Wildeblood, a journalist, was only 30 when he was arrested at his home on St Paul’s Road on Saturday 9 January 9. After he was released from prison, he was involved in efforts to decriminalise homosexuality. Wildeblood was the only openly gay man to testify in front of the Wolfenden Committee, a group tasked with writing a report on the legal status of homosexuality and prostitution. The findings of the Committee were part of the reason why, in 1967, the law was finally changed for homosexuality, allowing sexual activity in private for two men aged 21 years or above (which we recognise as “partial decriminalisation”).

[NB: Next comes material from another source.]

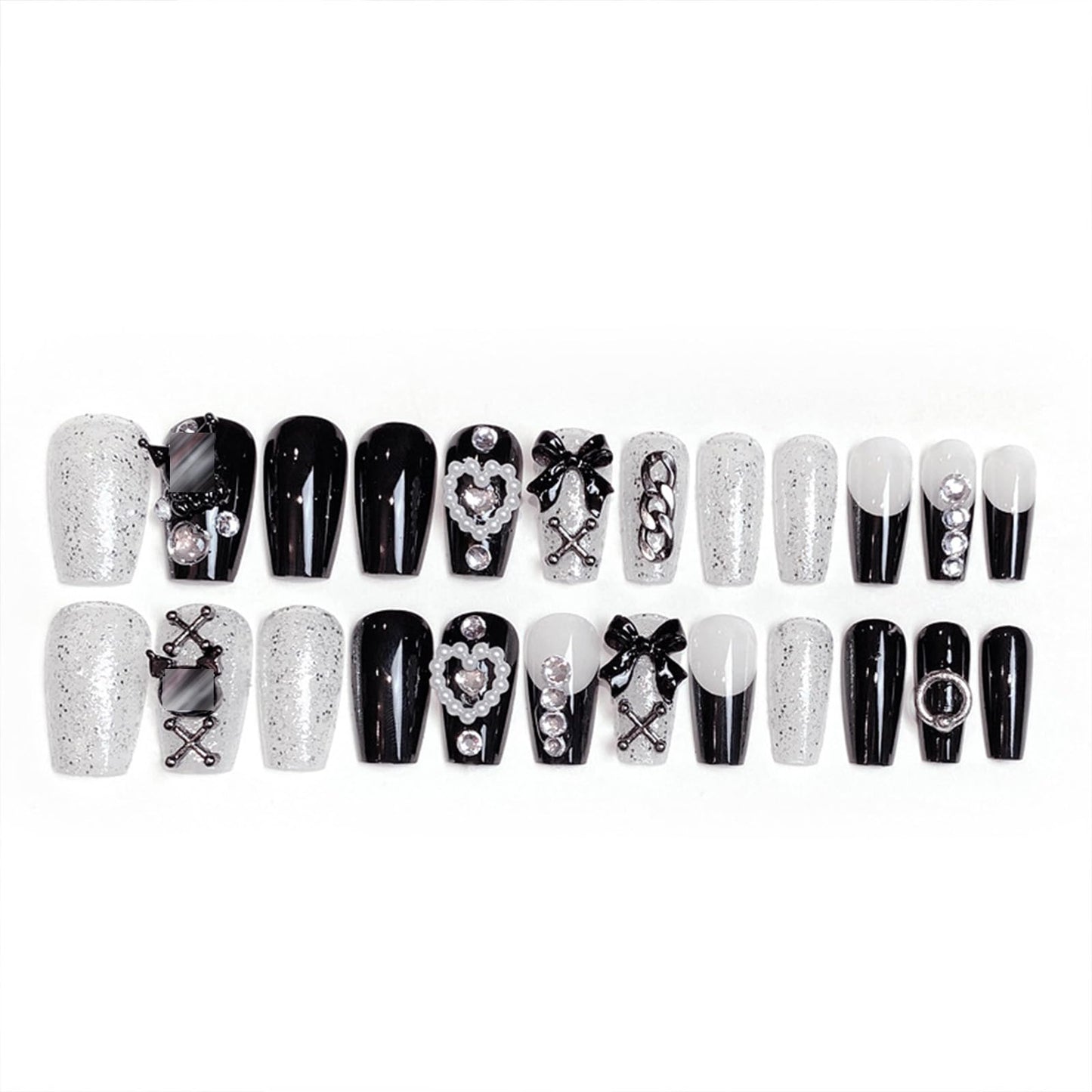 SINHOT Square Press on Nails - Medium Fake Nails, Glossy Finish, 3D Goth Black Cartoon & Pearl Hearts, DIY Artificial False Nail Art - 24 Pcs Nail Kit with Glue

Wildeblood also wrote a book called Against the Law in 1955 which explored his experiences and called for legal reform. The book was wildly successful and popular, and is seen as having an impact on the eventual change in the law.

 

Roger Casement – 11 Feb

Roger Casement was an Irish diplomat, slavery abolitionist and played an instrumental part in Ireland’s fight for independence. Casement spent time working for the British Foreign Office in Congo and was knighted in 1911.

Casement is mostly known for his involvement in the Easter Rising in 1916, which was an armed revolution in Ireland carried out in an attempt to free Ireland from British rule.

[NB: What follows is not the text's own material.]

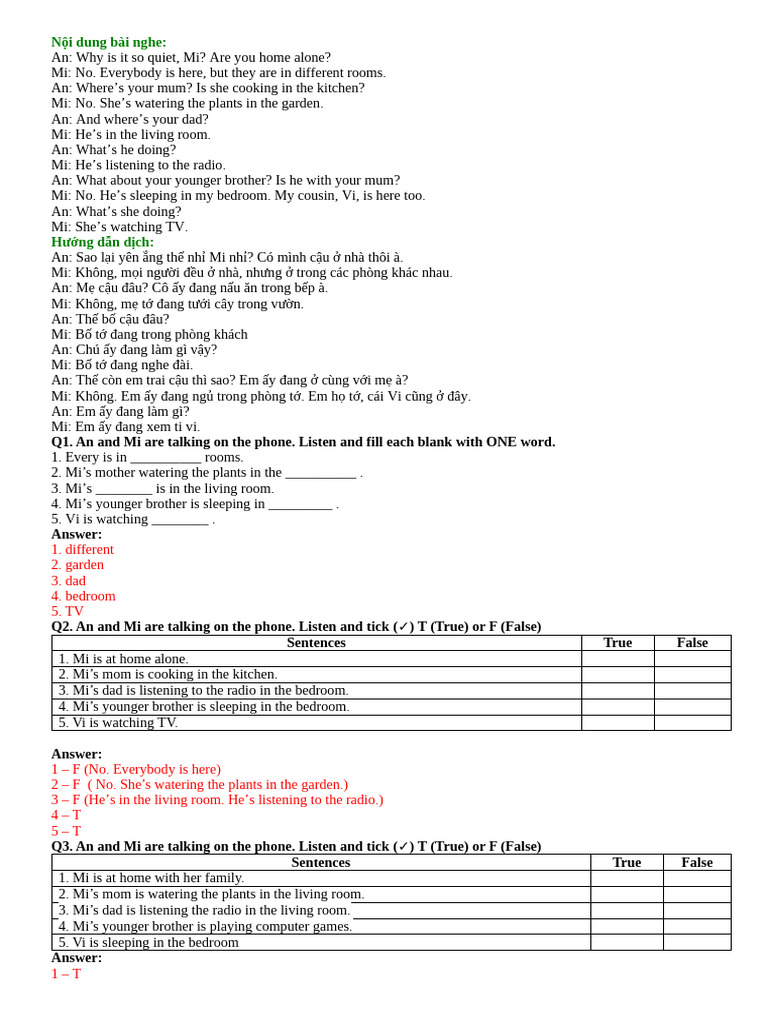 Family Activities at Home Dialogue | PDF | Home | Room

Following the Easter Rising, Casement was arrested and charged with high treason, sabotage, and espionage against the crown. During his trial, one of the pieces of evidence brought against him was a series of his journals, now known as the “Black Diaries”. These journals revealed that Casement was gay and recorded his sexual activities, which were illegal at the time. This possibly reduced support for Casement and ensured his execution.

He was executed at Pentonville Prison and was buried in the grounds until his remains were repatriated to Ireland for a full state funeral in 1965.

 

Bob Crossman – 12 Feb

Robert ‘Bob’ Crossman was the first openly gay mayor in the UK, serving as Mayor of Islington from 1986 to 1987 after moving to Islington in 1979.

Before becoming mayor, Crossman was an Islington councillor. He served on the council from 1982 to 1994. His appointment as mayor was widely disapproved of by the political right wing, and right wing media often mockingly referred to Crossman’s partner, Martin McCloghry as ‘the Mayoress’.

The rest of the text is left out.